TASK PROMPT: Reproduce the records below exactly from their first line through the line containing "秋天森林里苔藓背景下的有毒和不可食用的蘑菇的帽子 — 图库照片", omitting all pictures.

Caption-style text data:
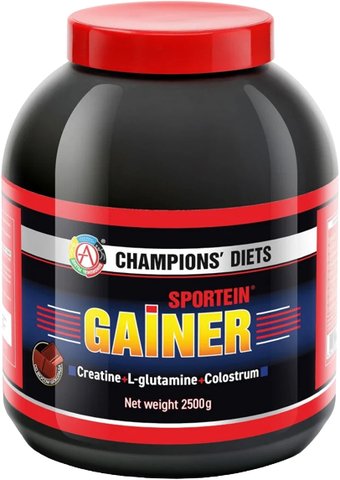 Протеин комплексный Академия-Т Sportein Gainer (2500г, шоколад)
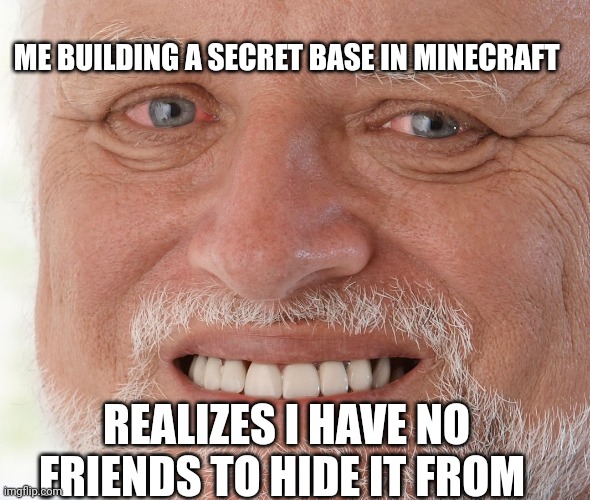 Pain | ME BUILDING A SECRET BASE IN MINECRAFT; REALIZES I HAVE NO FRIENDS TO HIDE IT FROM | image tagged in hide the pain harold | made w/ Imgflip meme maker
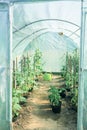 Plantation bell peppers in the agricultural greenhouse.The seedlings of bell pepper in greenhouse with sun light Royalty Free Stock Photo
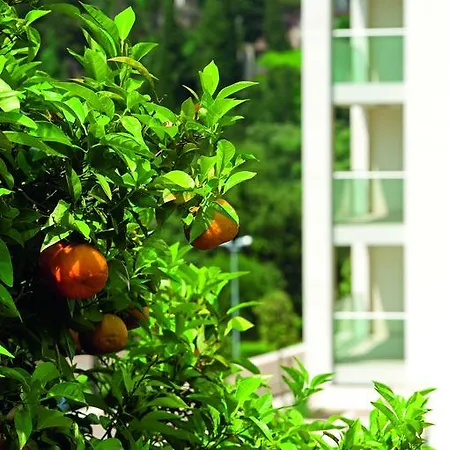 Luxury - L'orangerie * דוברובניק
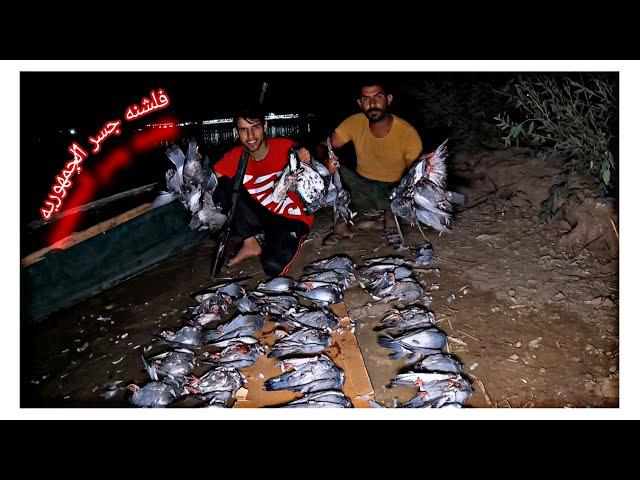 الف زركي وجيس طرشي اشبع ونسه /المغامر ابن العراق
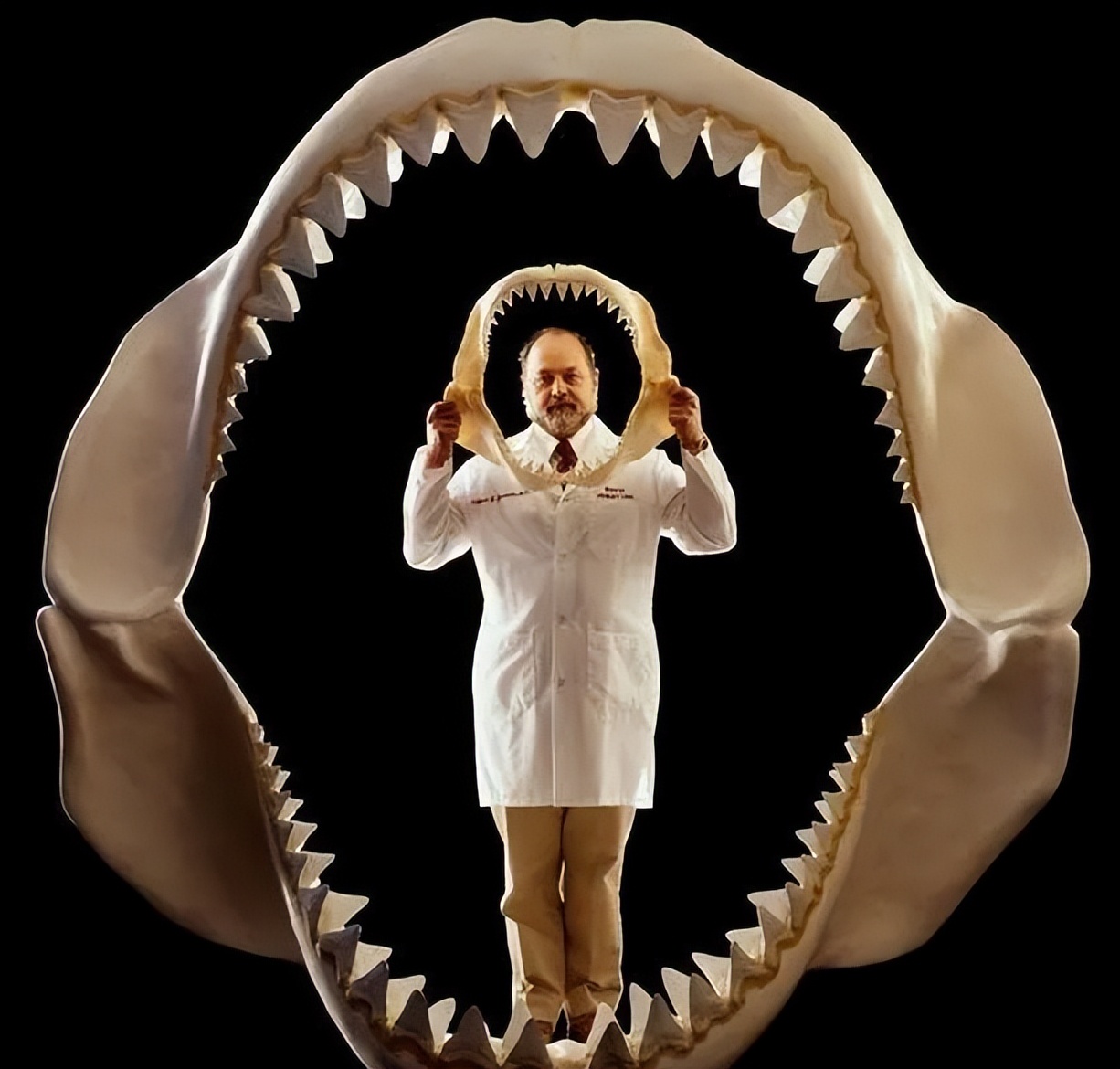 各种古生物化石图片,神秘的地球古生物昆虫化石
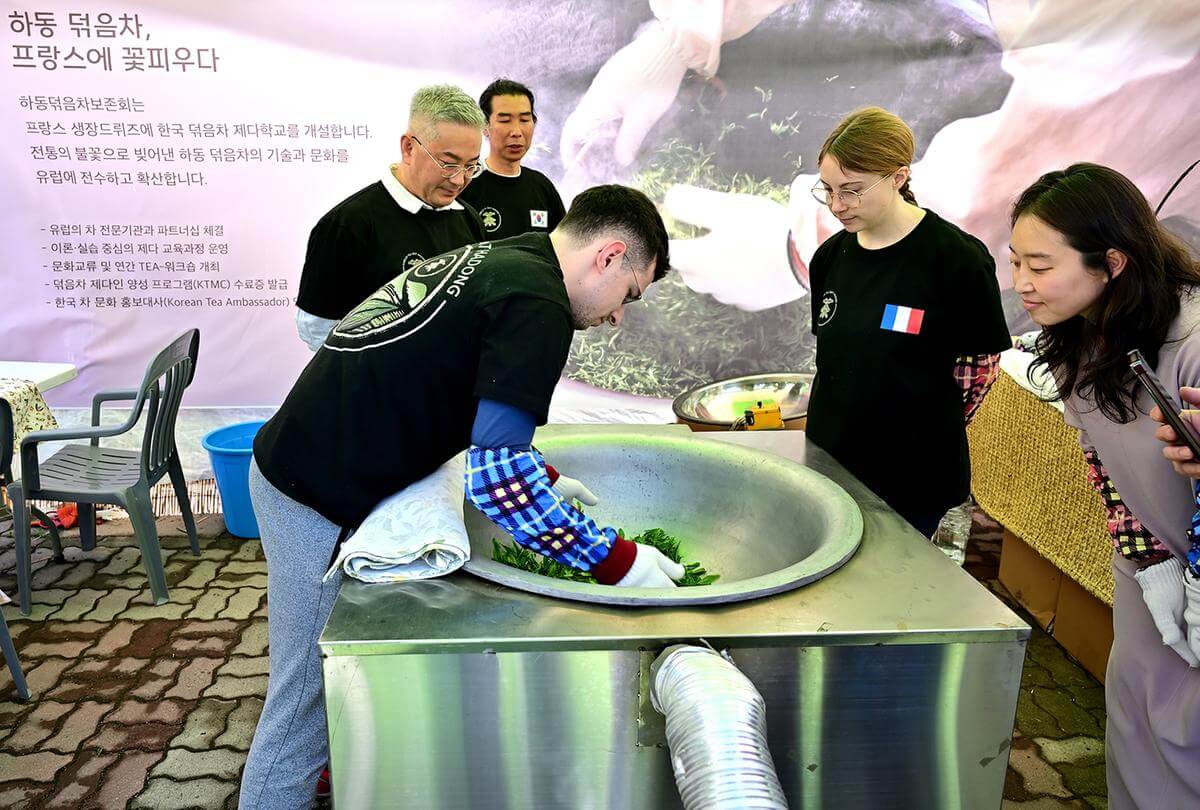 하동야생차문화축제
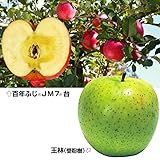国華園　果樹苗　リンゴ　百年ふじ＆王林（受粉樹）　2種2株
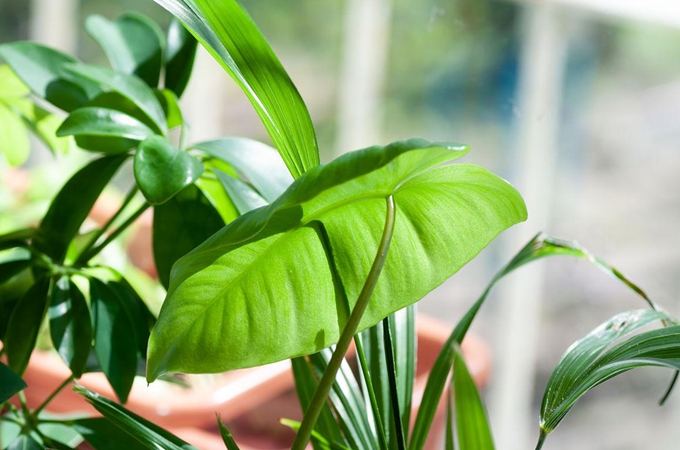 5种植物净化空气的好帮手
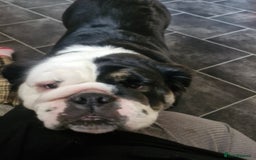 English Bulldog dogs for sale: Fluffy english bulldog female 2yrs born 2023 - Image 4
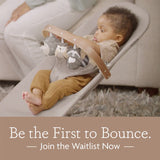 UPPAbaby Mira 2 in 1 Bouncer and Seat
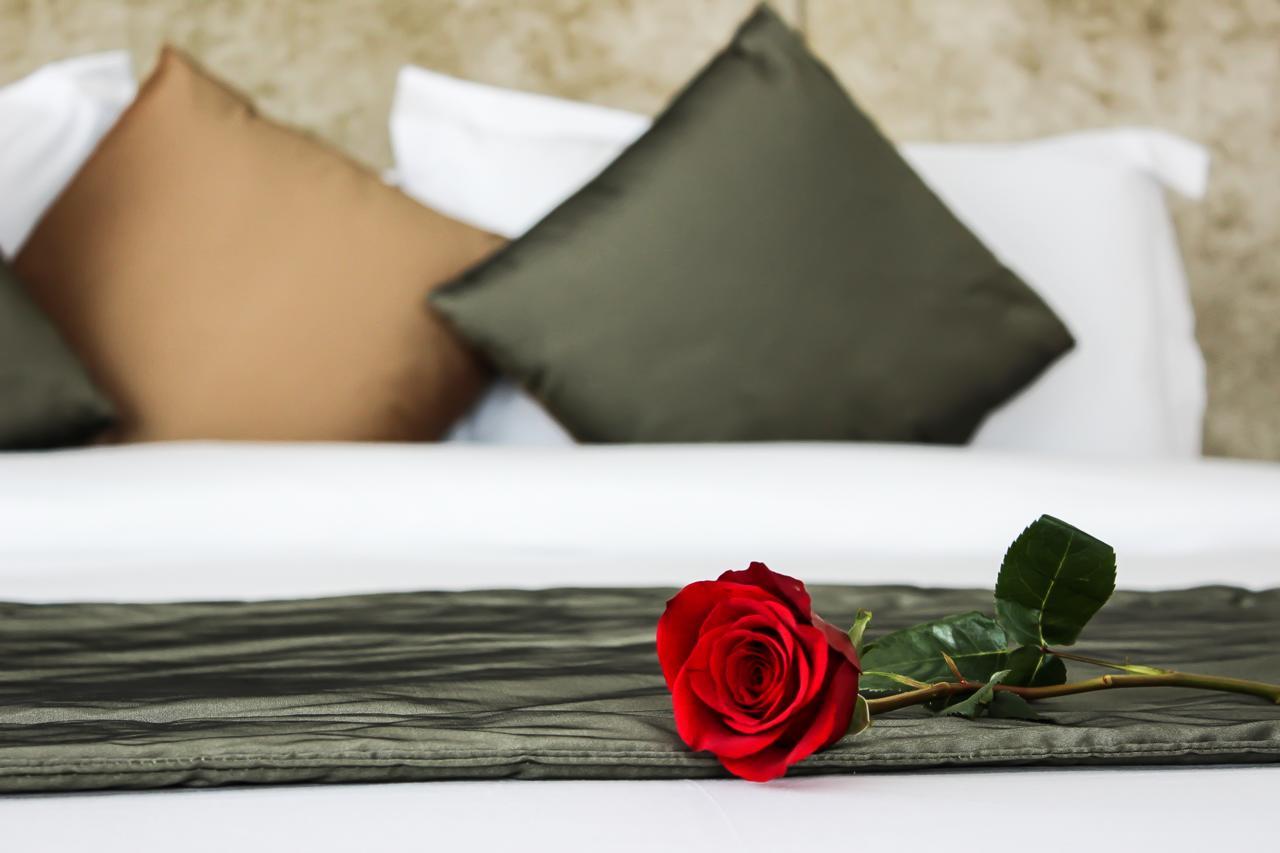 Premium Twin Room
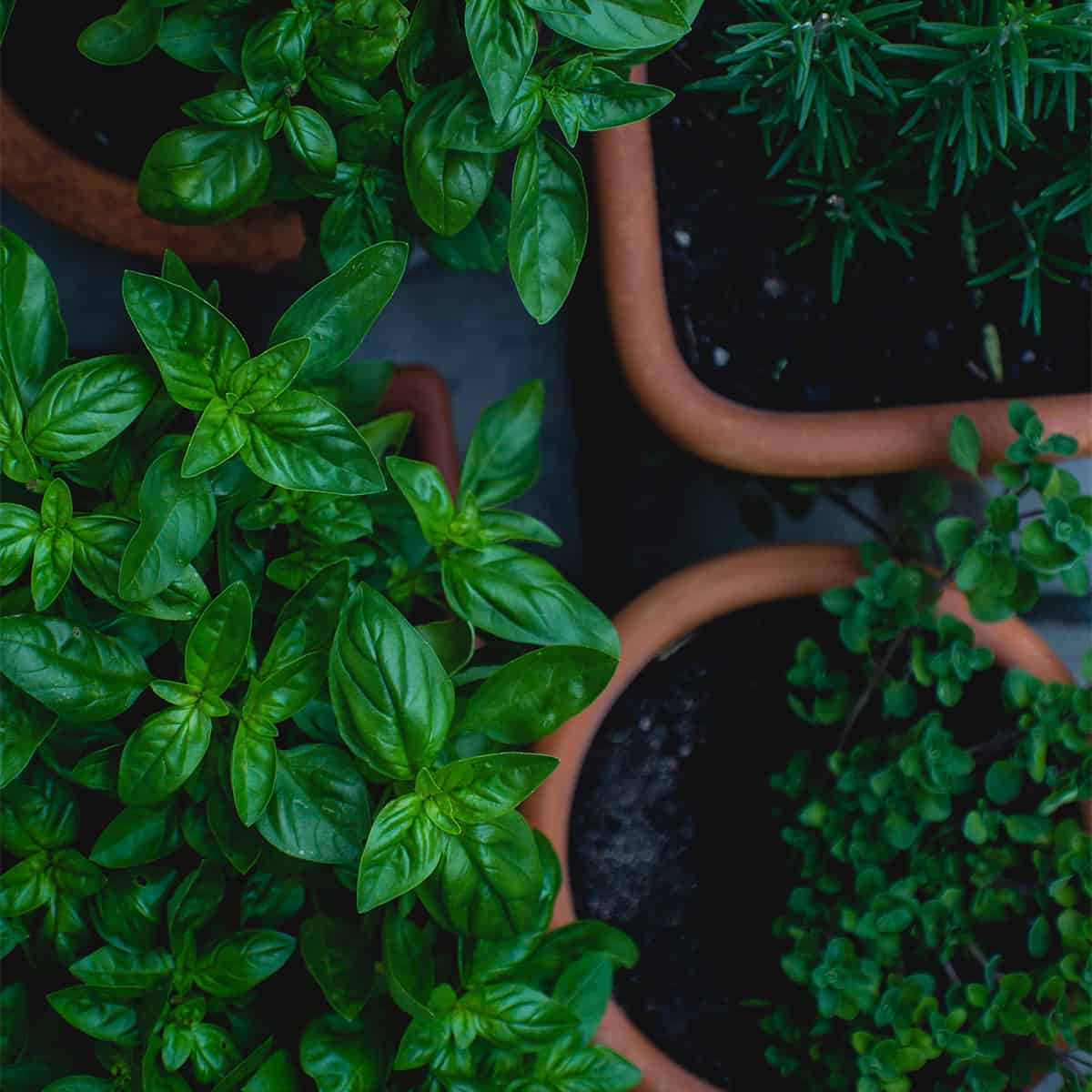 plants in pots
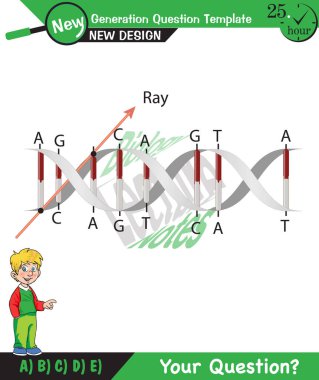 Biology, DNA helix, DNA replication, next generation question template, dumb physics figures, exam question, eps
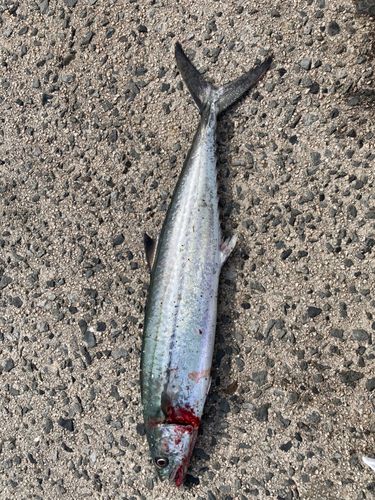 サゴシの釣果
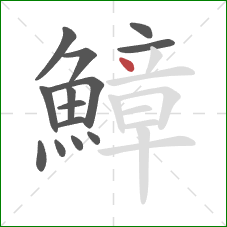 鱆的笔顺第14画：点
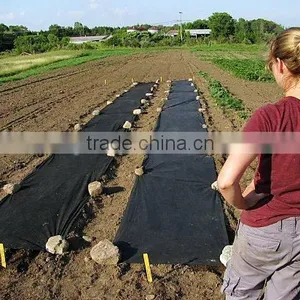 PP Agriculture Non-woven Crop Cover Supplier thumbnail-6
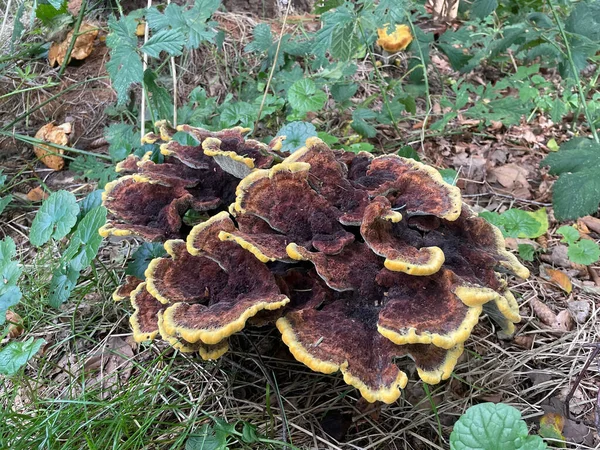 秋天森林里苔藓背景下的有毒和不可食用的蘑菇的帽子 — 图库照片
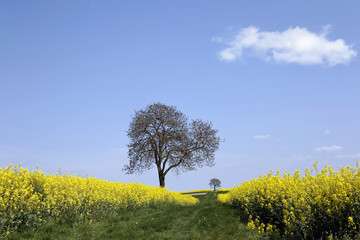 Poster - Der Weg zwischen Rapsfelder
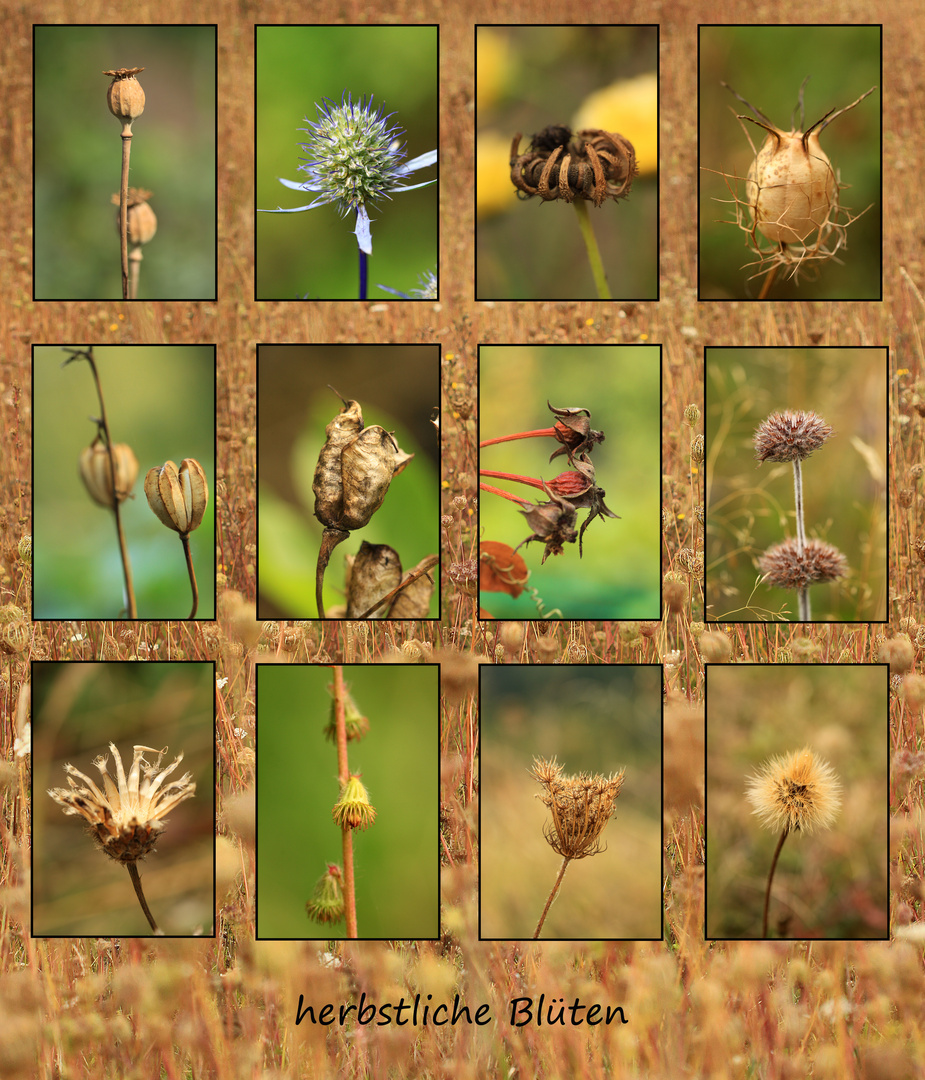 - herbstliche Blüten -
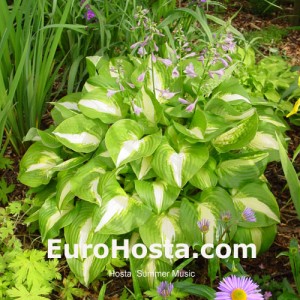 Hosta Summer Music - Eurohosta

ANSWER BOX:
 Протеин комплексный Академия-Т Sportein Gainer (2500г, шоколад)
 Pain | ME BUILDING A SECRET BASE IN MINECRAFT; REALIZES I HAVE NO FRIENDS TO HIDE IT FROM | image tagged in hide the pain harold | made w/ Imgflip meme maker
 Plantation bell peppers in the agricultural greenhouse.The seedlings of bell pepper in greenhouse with sun light Royalty Free Stock Photo
 Luxury - L'orangerie * דוברובניק
 الف زركي وجيس طرشي اشبع ونسه /المغامر ابن العراق
 各种古生物化石图片,神秘的地球古生物昆虫化石
 하동야생차문화축제
国華園　果樹苗　リンゴ　百年ふじ＆王林（受粉樹）　2種2株
 5种植物净化空气的好帮手
 English Bulldog dogs for sale: Fluffy english bulldog female 2yrs born 2023 - Image 4
 UPPAbaby Mira 2 in 1 Bouncer and Seat
 Premium Twin Room
 plants in pots
 Biology, DNA helix, DNA replication, next generation question template, dumb physics figures, exam question, eps
 サゴシの釣果
 鱆的笔顺第14画：点
 PP Agriculture Non-woven Crop Cover Supplier thumbnail-6
 秋天森林里苔藓背景下的有毒和不可食用的蘑菇的帽子 — 图库照片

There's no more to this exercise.